1.3 Andere Gründe, welche ausnahmsweise dennoch ein Eintreten auf die Beschwerde gegen den Zwischenentscheid erforderlich machen würden (vgl. dazu VGr, 28. Februar 2013, VB.2012.00558, E. 1.2.5), sind nicht erkennbar.

1.4 Auf die Beschwerde ist daher nicht einzutreten.

2.  

Bei diesem Ausgang des Beschwerdeverfahrens wird der Beschwerdeführer kostenpflichtig (§ 65a Abs. 2 VRG in Verbindung mit § 13 Abs. 2).

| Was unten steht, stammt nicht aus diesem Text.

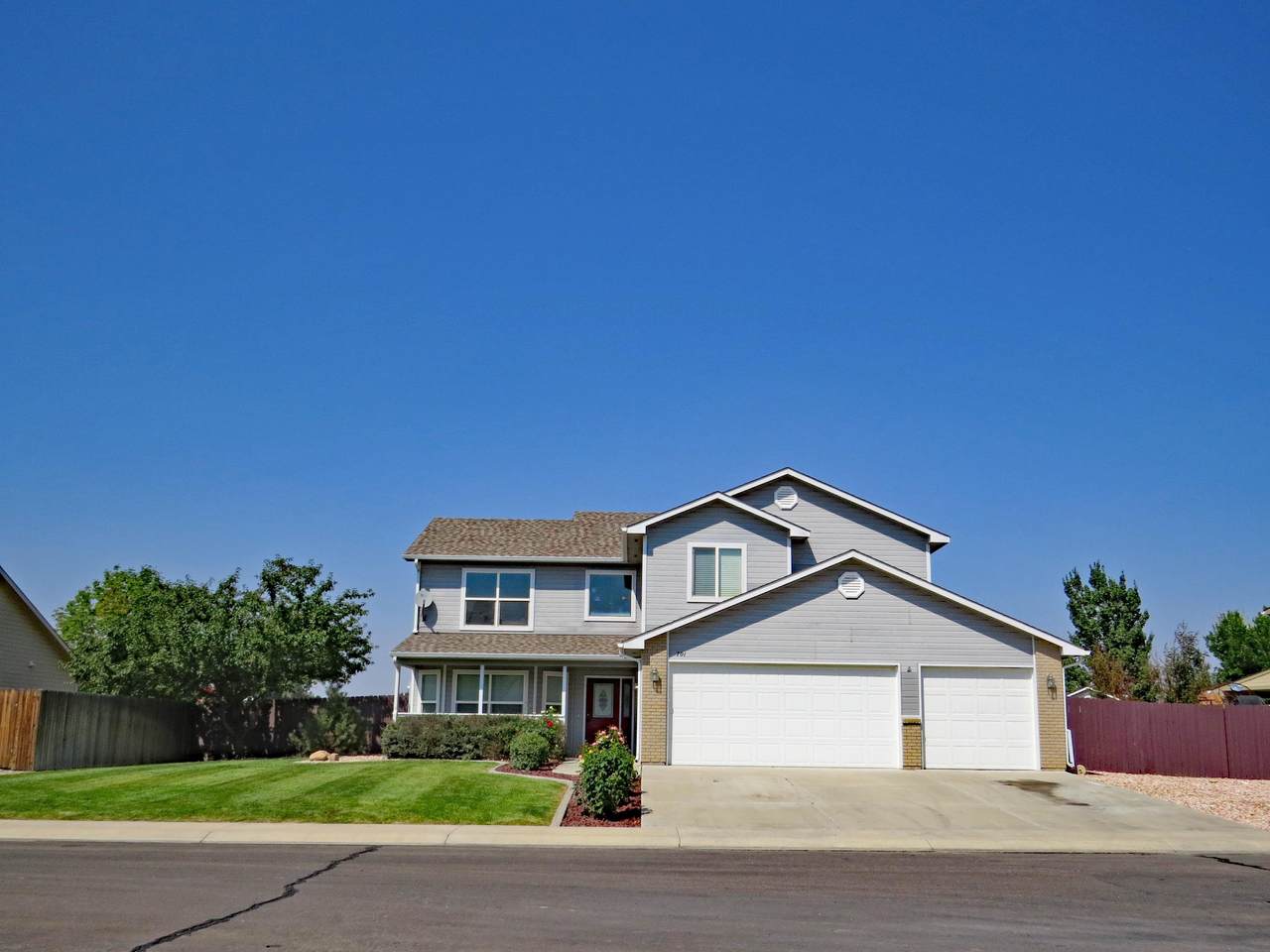701 Suncrest Drive - Photo 1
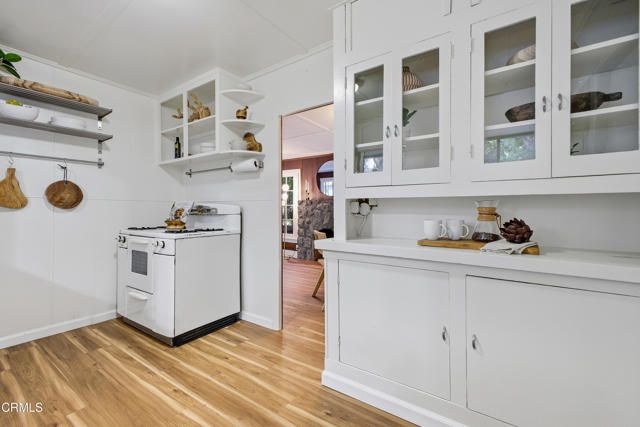 813 Woodland Drive, Sierra Madre, CA 91024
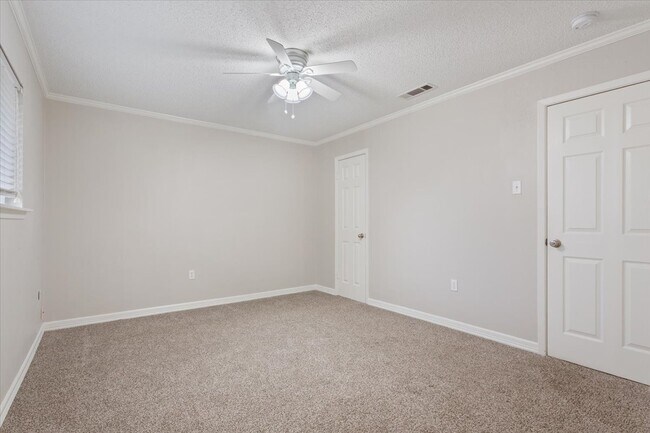 Building Photo - 5600 Lake Highlands Dr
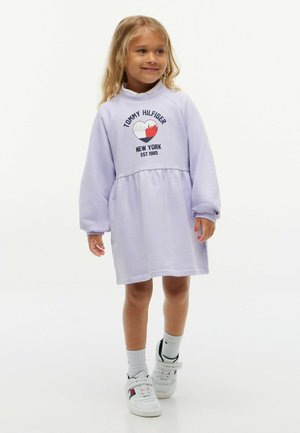 Tommy Hilfiger, TOMMY HILFIGER FLAG EMBROIDERY RELAXED TERRY SWEATSHIRT DRESS - Freizeitkleid - lavender ice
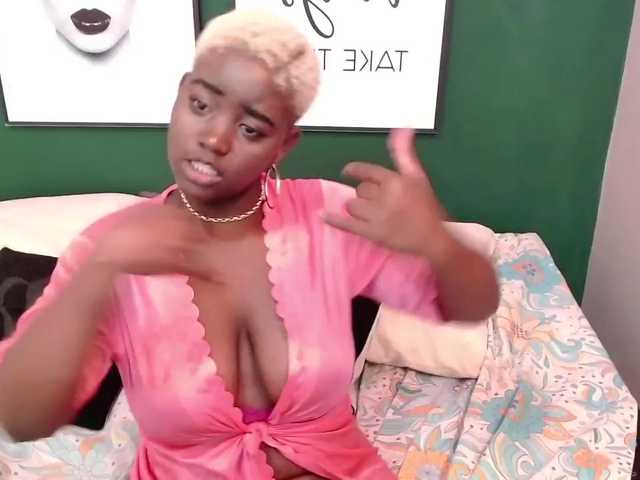 Zrzuty ekranu transmisji ZoeWest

Er hat ausserdem den Beschwerdegegner für seine Umtriebe im Beschwerdeverfahren angemessen zu entschädigen (§ 17 Abs. 2 lit. b VRG).

3.  

Das vorliegende Urteil schützt einen Rückweisungsentscheid der Vorinstanz, weshalb es sich im Endeeffekt um einen Zwischenentscheid handelt. Ein solcher ist vor Bundesgericht nur unter den in E. 1.1.1 ausgeführten Voraussetzungen anfechtbar.

Demgemäss beschliesst die Kammer:

1.    Auf die Beschwerde wird nicht eingetreten.

2.    Die Gerichtsgebühr wird festgesetzt auf
Fr. 2'000.--;    die übrigen Kosten betragen:
Fr.    190.--     Zustellkosten,
Fr. 2'190.--     Total der Kosten.

3.    Die Kosten des Beschwerdeverfahrens werden dem Beschwerdeführer auferlegt.

4.    Der Beschwerdeführer wird verpflichtet, dem Beschwerdegegner eine Parteientschädigung von Fr. 1'000.- zu bezahlen, zahlbar innert 30 Tagen nach Rechtskraft des Entscheids.

5.    Gegen diesem Beschluss kann Beschwerde in öffentlich-rechtlichen Angelegenheiten nach Art. 82 ff. des Bundesgerichtsgesetzes erhoben werden. Die Beschwerde ist innert 30 Tagen, von der Zustellung an gerechnet, beim Bundesgericht, 1000 Lausanne 14, einzureichen.